Given material ->
__________________________________________________
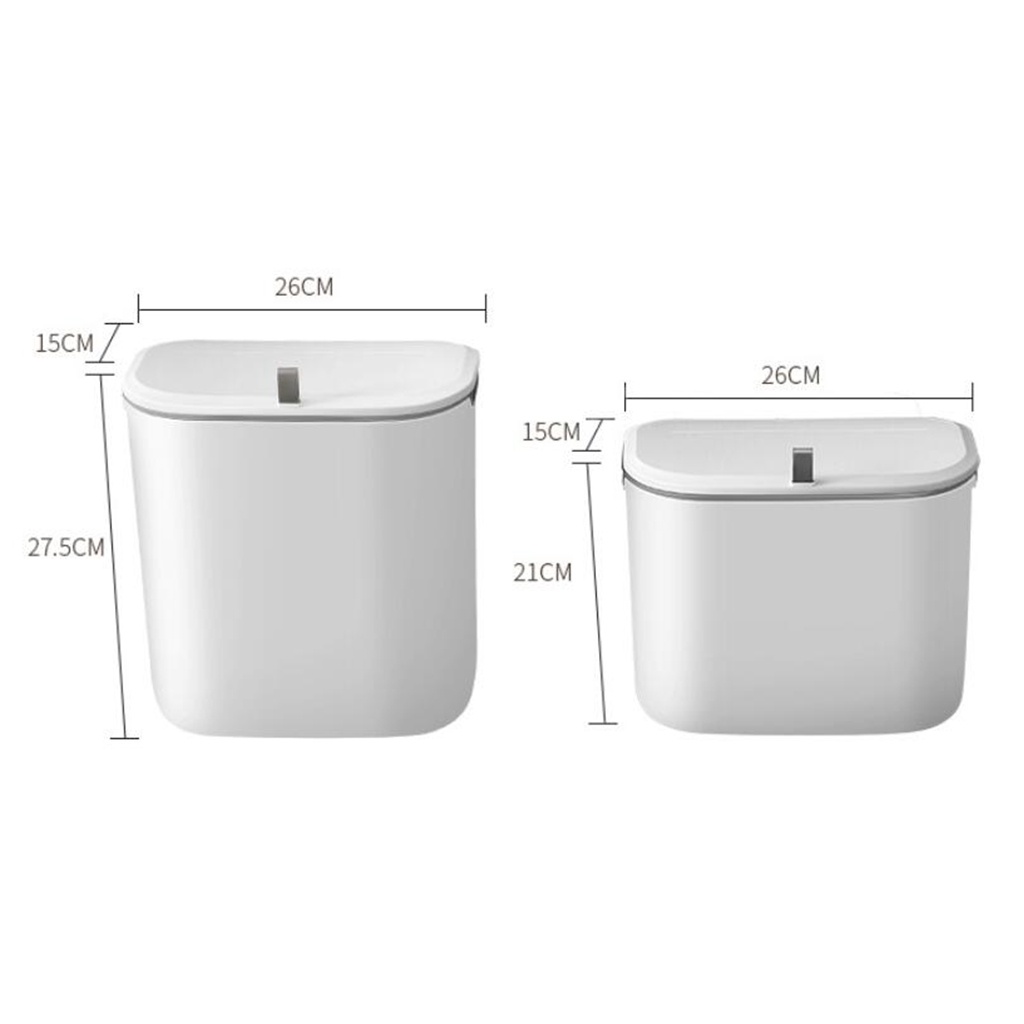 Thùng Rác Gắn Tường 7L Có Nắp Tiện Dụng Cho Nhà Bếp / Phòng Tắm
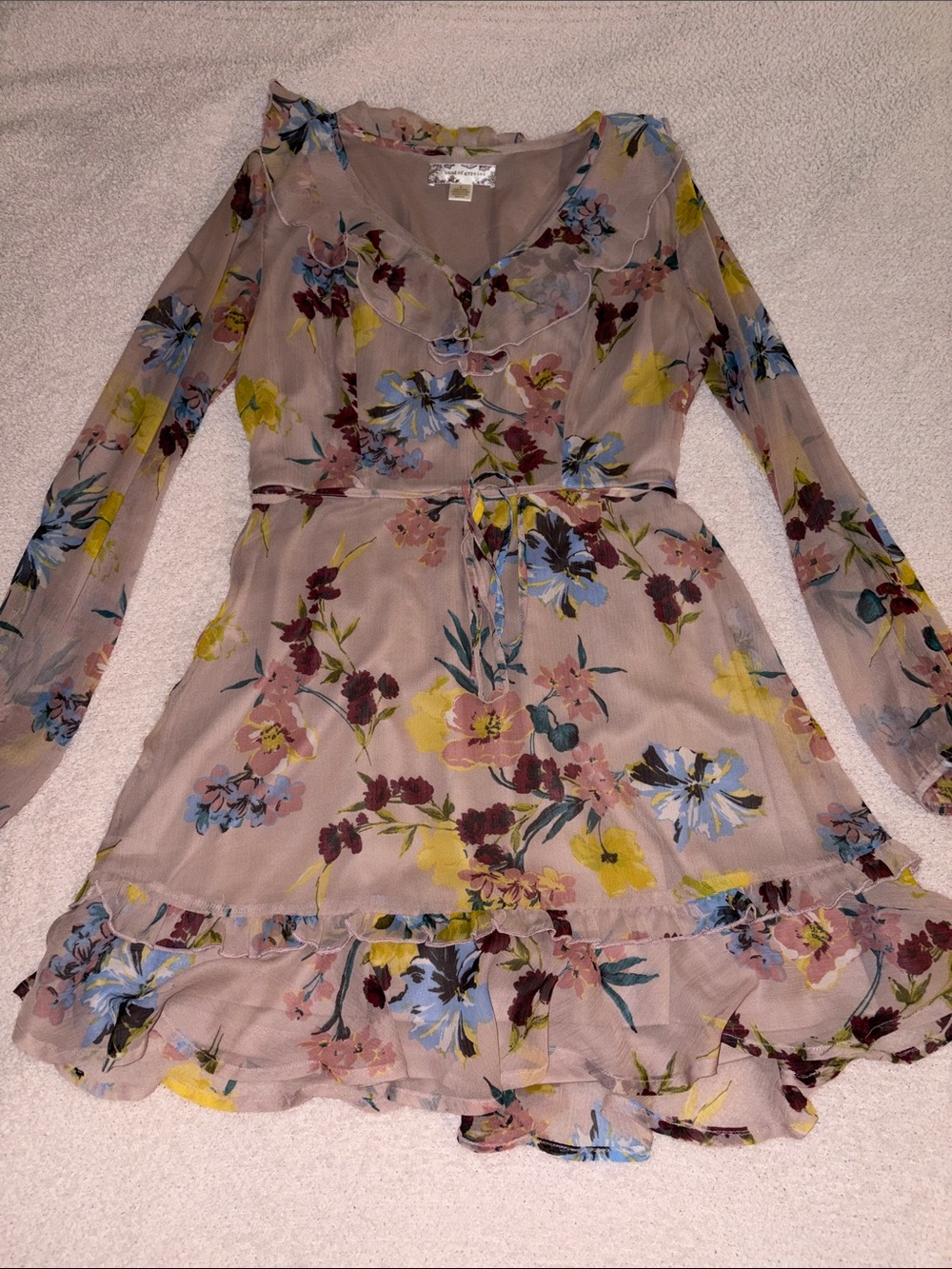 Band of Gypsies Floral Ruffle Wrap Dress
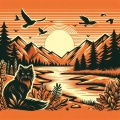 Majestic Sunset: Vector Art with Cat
__________________________________________________
Your task ->
Set down the material once more, exactly, with the pictures omitted.

Written solution ->
 Thùng Rác Gắn Tường 7L Có Nắp Tiện Dụng Cho Nhà Bếp / Phòng Tắm
 Band of Gypsies Floral Ruffle Wrap Dress
 Majestic Sunset: Vector Art with Cat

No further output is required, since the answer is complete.